Task material:
--------------------

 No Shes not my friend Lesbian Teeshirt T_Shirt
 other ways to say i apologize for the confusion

--------------------

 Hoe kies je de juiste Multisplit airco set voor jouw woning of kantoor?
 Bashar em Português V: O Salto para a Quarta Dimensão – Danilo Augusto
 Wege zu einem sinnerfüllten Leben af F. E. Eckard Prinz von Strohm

--------------------

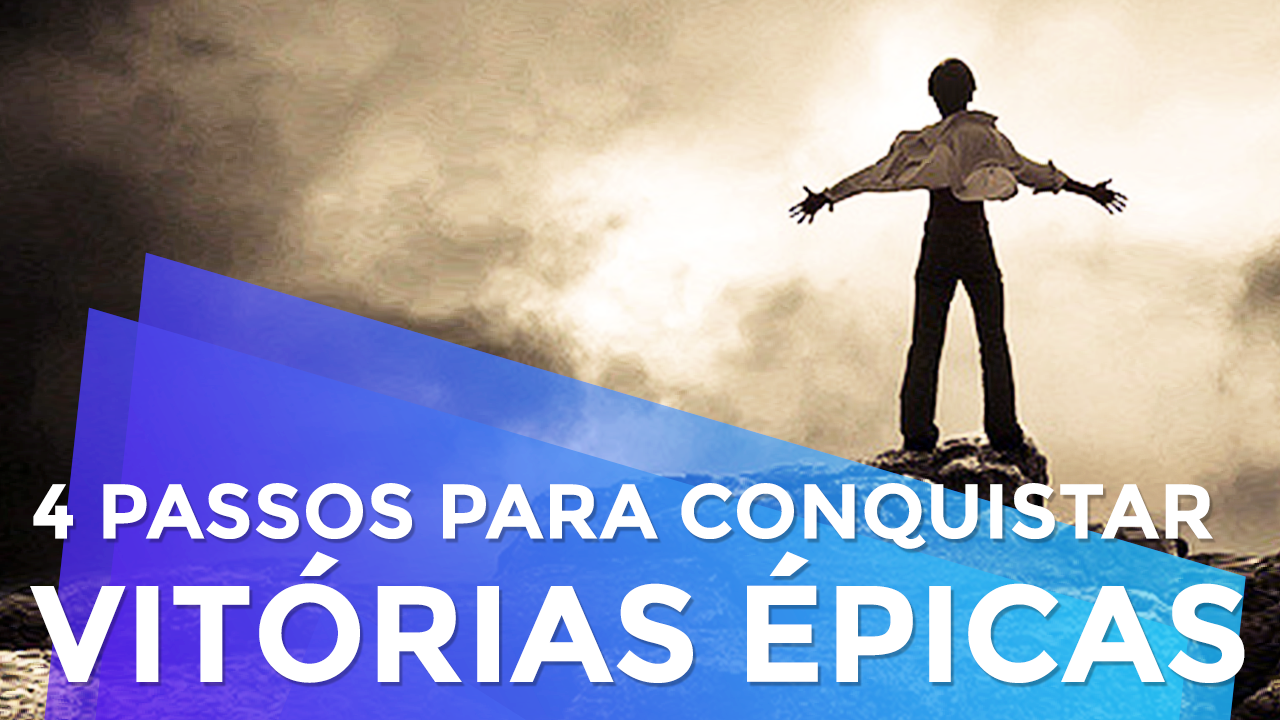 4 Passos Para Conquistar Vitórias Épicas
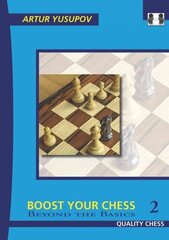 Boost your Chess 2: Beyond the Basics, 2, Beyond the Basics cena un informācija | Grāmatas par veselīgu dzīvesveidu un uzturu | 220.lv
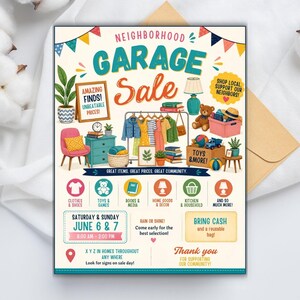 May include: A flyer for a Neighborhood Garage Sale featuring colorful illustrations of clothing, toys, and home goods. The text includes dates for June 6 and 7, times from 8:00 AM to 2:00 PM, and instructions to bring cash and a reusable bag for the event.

--------------------

What the exercise asks: Find the line with "No Shes not" in the material above. Reproduce it and each line after it up to and including the line with "other ways to".

Output of the exercise:
 No Shes not my friend Lesbian Teeshirt T_Shirt
 other ways to say i apologize for the confusion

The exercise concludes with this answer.